What is needed → Your answer should reproduce the full set of records exactly as given.
════════════════
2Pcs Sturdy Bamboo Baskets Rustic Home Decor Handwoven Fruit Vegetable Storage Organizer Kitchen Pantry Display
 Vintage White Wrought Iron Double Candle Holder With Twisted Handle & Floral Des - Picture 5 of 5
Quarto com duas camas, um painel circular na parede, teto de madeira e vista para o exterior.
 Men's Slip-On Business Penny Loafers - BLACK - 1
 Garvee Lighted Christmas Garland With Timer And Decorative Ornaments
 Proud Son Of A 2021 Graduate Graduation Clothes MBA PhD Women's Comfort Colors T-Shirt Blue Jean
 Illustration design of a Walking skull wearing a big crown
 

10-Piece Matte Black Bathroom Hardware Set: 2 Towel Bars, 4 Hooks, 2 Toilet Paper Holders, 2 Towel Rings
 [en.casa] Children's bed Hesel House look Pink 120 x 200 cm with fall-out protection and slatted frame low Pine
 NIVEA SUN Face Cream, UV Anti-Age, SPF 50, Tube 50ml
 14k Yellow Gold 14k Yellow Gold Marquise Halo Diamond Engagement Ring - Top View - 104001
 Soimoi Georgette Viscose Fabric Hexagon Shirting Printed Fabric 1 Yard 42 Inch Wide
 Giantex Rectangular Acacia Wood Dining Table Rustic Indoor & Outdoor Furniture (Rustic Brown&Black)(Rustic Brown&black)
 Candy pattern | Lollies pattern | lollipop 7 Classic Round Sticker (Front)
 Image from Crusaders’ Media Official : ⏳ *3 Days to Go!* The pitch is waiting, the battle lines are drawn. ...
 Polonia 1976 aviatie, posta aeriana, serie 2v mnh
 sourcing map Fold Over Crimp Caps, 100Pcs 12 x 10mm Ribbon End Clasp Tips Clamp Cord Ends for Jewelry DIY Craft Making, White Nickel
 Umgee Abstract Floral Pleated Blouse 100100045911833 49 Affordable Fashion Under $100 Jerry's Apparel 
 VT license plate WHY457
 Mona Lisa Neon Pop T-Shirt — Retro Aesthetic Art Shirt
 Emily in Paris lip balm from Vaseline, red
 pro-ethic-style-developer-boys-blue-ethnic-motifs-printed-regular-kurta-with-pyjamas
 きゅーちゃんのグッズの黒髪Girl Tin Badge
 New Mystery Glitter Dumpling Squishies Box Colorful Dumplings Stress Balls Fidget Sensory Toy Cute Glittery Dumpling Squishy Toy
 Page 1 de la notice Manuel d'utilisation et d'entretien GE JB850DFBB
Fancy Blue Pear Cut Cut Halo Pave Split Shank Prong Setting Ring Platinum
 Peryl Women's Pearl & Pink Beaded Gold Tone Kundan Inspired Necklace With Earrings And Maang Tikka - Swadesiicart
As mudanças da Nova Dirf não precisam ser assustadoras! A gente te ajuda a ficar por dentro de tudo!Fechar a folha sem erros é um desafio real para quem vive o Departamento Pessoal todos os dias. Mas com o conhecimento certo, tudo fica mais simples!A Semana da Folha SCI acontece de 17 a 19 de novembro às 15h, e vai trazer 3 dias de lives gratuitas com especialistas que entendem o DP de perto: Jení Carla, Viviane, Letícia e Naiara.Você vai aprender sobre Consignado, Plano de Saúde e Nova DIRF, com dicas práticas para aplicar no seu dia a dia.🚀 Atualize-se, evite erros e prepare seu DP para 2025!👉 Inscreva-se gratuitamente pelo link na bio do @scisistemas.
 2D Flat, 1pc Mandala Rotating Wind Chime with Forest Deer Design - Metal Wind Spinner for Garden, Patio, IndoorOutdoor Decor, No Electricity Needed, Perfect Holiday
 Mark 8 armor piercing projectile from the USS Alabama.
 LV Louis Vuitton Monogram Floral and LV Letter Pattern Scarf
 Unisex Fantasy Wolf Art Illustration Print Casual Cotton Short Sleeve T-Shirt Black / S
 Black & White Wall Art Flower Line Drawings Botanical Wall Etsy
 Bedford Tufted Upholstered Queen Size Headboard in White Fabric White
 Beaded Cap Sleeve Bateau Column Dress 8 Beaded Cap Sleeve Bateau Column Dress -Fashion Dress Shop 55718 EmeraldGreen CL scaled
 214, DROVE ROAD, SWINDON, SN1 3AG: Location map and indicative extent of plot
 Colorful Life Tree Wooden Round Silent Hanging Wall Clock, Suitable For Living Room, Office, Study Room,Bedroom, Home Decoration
════════════════
Response for this exercise →
2Pcs Sturdy Bamboo Baskets Rustic Home Decor Handwoven Fruit Vegetable Storage Organizer Kitchen Pantry Display
 Vintage White Wrought Iron Double Candle Holder With Twisted Handle & Floral Des - Picture 5 of 5
Quarto com duas camas, um painel circular na parede, teto de madeira e vista para o exterior.
 Men's Slip-On Business Penny Loafers - BLACK - 1
 Garvee Lighted Christmas Garland With Timer And Decorative Ornaments
 Proud Son Of A 2021 Graduate Graduation Clothes MBA PhD Women's Comfort Colors T-Shirt Blue Jean
 Illustration design of a Walking skull wearing a big crown
 

10-Piece Matte Black Bathroom Hardware Set: 2 Towel Bars, 4 Hooks, 2 Toilet Paper Holders, 2 Towel Rings
 [en.casa] Children's bed Hesel House look Pink 120 x 200 cm with fall-out protection and slatted frame low Pine
 NIVEA SUN Face Cream, UV Anti-Age, SPF 50, Tube 50ml
 14k Yellow Gold 14k Yellow Gold Marquise Halo Diamond Engagement Ring - Top View - 104001
 Soimoi Georgette Viscose Fabric Hexagon Shirting Printed Fabric 1 Yard 42 Inch Wide
 Giantex Rectangular Acacia Wood Dining Table Rustic Indoor & Outdoor Furniture (Rustic Brown&Black)(Rustic Brown&black)
 Candy pattern | Lollies pattern | lollipop 7 Classic Round Sticker (Front)
 Image from Crusaders’ Media Official : ⏳ *3 Days to Go!* The pitch is waiting, the battle lines are drawn. ...
 Polonia 1976 aviatie, posta aeriana, serie 2v mnh
 sourcing map Fold Over Crimp Caps, 100Pcs 12 x 10mm Ribbon End Clasp Tips Clamp Cord Ends for Jewelry DIY Craft Making, White Nickel
 Umgee Abstract Floral Pleated Blouse 100100045911833 49 Affordable Fashion Under $100 Jerry's Apparel 
 VT license plate WHY457
 Mona Lisa Neon Pop T-Shirt — Retro Aesthetic Art Shirt
 Emily in Paris lip balm from Vaseline, red
 pro-ethic-style-developer-boys-blue-ethnic-motifs-printed-regular-kurta-with-pyjamas
 きゅーちゃんのグッズの黒髪Girl Tin Badge
 New Mystery Glitter Dumpling Squishies Box Colorful Dumplings Stress Balls Fidget Sensory Toy Cute Glittery Dumpling Squishy Toy
 Page 1 de la notice Manuel d'utilisation et d'entretien GE JB850DFBB
Fancy Blue Pear Cut Cut Halo Pave Split Shank Prong Setting Ring Platinum
 Peryl Women's Pearl & Pink Beaded Gold Tone Kundan Inspired Necklace With Earrings And Maang Tikka - Swadesiicart
As mudanças da Nova Dirf não precisam ser assustadoras! A gente te ajuda a ficar por dentro de tudo!Fechar a folha sem erros é um desafio real para quem vive o Departamento Pessoal todos os dias. Mas com o conhecimento certo, tudo fica mais simples!A Semana da Folha SCI acontece de 17 a 19 de novembro às 15h, e vai trazer 3 dias de lives gratuitas com especialistas que entendem o DP de perto: Jení Carla, Viviane, Letícia e Naiara.Você vai aprender sobre Consignado, Plano de Saúde e Nova DIRF, com dicas práticas para aplicar no seu dia a dia.🚀 Atualize-se, evite erros e prepare seu DP para 2025!👉 Inscreva-se gratuitamente pelo link na bio do @scisistemas.
 2D Flat, 1pc Mandala Rotating Wind Chime with Forest Deer Design - Metal Wind Spinner for Garden, Patio, IndoorOutdoor Decor, No Electricity Needed, Perfect Holiday
 Mark 8 armor piercing projectile from the USS Alabama.
 LV Louis Vuitton Monogram Floral and LV Letter Pattern Scarf
 Unisex Fantasy Wolf Art Illustration Print Casual Cotton Short Sleeve T-Shirt Black / S
 Black & White Wall Art Flower Line Drawings Botanical Wall Etsy
 Bedford Tufted Upholstered Queen Size Headboard in White Fabric White
 Beaded Cap Sleeve Bateau Column Dress 8 Beaded Cap Sleeve Bateau Column Dress -Fashion Dress Shop 55718 EmeraldGreen CL scaled
 214, DROVE ROAD, SWINDON, SN1 3AG: Location map and indicative extent of plot
 Colorful Life Tree Wooden Round Silent Hanging Wall Clock, Suitable For Living Room, Office, Study Room,Bedroom, Home Decoration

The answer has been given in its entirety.